Category Archives: Entertainment Industry
Nobody Knows Anything: Why Skipping Playtesting Is Inconceivable
Last week plagued us with at least three deaths of figures in the entertainment industry. The death of beloved Marvel Comics editor and Marvel film cameo star Stan Lee made front page news around the world. A less publicized death was that of actor Douglas Rain, who provided the voice of the murderous computer HAL 9000 in my favorite film 2001: A Space Odyssey. But another death that was significant to me and many others was that of screenwriter, novelist, and playwright William Goldman. If you are not familiar with his name, you certainly are with his work: Butch Cassidy and the Sundance Kid, Marathon Man, and The Princess Bride, to name but a few.
In addition to his works of fiction, he is also famous in the film industry for his memoir about his career in Hollywood, Adventures In The Screen Trade, and particularly for this quote:
“Nobody knows anything…… Not one person in the entire motion picture field knows for a certainty what’s going to work. Every time out it’s a guess and, if you’re lucky, an educated one.”

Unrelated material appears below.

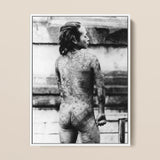 Tattooed Betto - Sexy Japanese Horse-man Art Print / Canvas Black-and-white Framed Photograph Person Intricate Full-body Tattoos Irezumi,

That observation is as true in the game industry as it is in Hollywood. I’ve experienced first-hand from both sides of the fence how game publishers will push developers in certain directions or to make other concessions in the belief that the publisher knows what will sell to the game-buying public. In many cases, I’m sure it is a sincere belief, but in others, I’m certain its merely the publisher representative trying to demonstrate and justify their value to the project. But sincere or not, what is going to work in a game is just an educated guess at best.
However, I’m not going to point my finger only at the publisher. Remember, nobody knows anything. That includes game developers. Even a developer with years of success may discover that when his or her game is first played by gamers, that what the developer was sure was easy is actually difficult, what was understandable was confusing, or what was fun was boring. As developers are working on a game, it is essential that they get it out in front of potential players to verify their assumptions about the game. To not do so is, as The Princess Brides’ Vizinni would say, inconceivable!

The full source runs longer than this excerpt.